The Australian Bureau of Agricultural and Resource Economics and Sciences (ABARES) has estimated that the recent flooding in eastern Australia is likely to have reduced 2010–11 agricultural production by at least $500–600 million and reduced coal exports by $2–2.5 billion.
ABARES Deputy Executive Director Paul Morris said the bureau’s Special Report on the Impact of Recent Flood Events on Commodities is an initial assessment of the effect on Australian commodity production of the recent floods in the eastern states.
“While it is still too early to determine the full impact of the floods, this assessment is based on information sourced from major grain handlers, marketing organisations, agricultural and mining companies, state departments, transport authorities, the Bureau of Meteorology and satellite imaging,” Mr Morris said.
“As observed in major natural disasters, significant damage to property and infrastructure has occurred, which has resulted in disruption to economic activity in the flood–affected regions.

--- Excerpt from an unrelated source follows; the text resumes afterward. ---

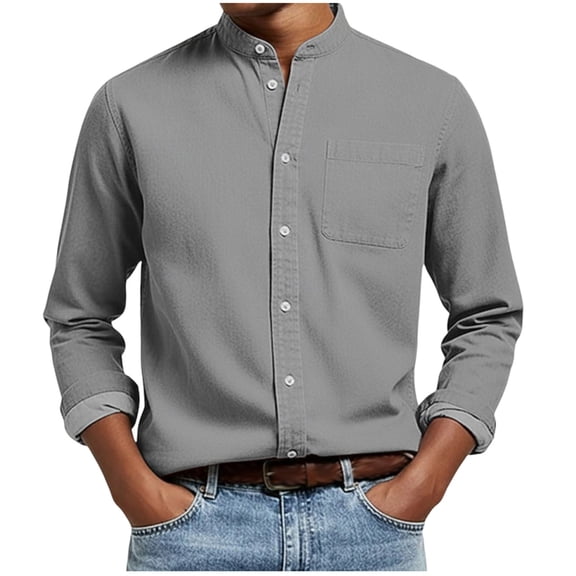 Long Sleeve Shirts for Men, Men's Long Sleeve Button Down Shirt Wrinkle Free Untucked Dress Shirt Casual Denim Shirt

The value of this lost infrastructure is likely to be much greater than the estimated production impact, but has not been estimated in this report.
“While the focus of this assessment has been on the aggregate effect on a state or national basis, there will be significant financial hardship for individuals and businesses who have experienced substantial crop or livestock losses and damage to their property.”
The report notes significant impacts on production of fruit and vegetables, cotton, grain sorghum and some winter crops. Losses of livestock reported to date have been small in relation to the size of the national herd and flock, with the main impact associated with disruptions to transport and other infrastructure support. Fruit and vegetable prices have risen significantly for some products, such as watermelons, sweet potatoes, broccoli and zucchinis, but the impact on other fruits and vegetables appears limited to date.
It is estimated that Queensland’s coal exports could be around 15 million tonnes lower than previously anticipated between December 2010 and March 2011, representing a reduction in export earnings of around $2–2.5 billion. However, it is anticipated that coal prices could be settled at higher levels, partially offsetting the adverse impact on coal industry revenues.
ABARES will provide further updates of the impact of the floods on summer and winter crops in its Australian crop report to be released on 15 February and across all commodities in Australian commodities to be released at the ABARES Outlook conference on 1 March.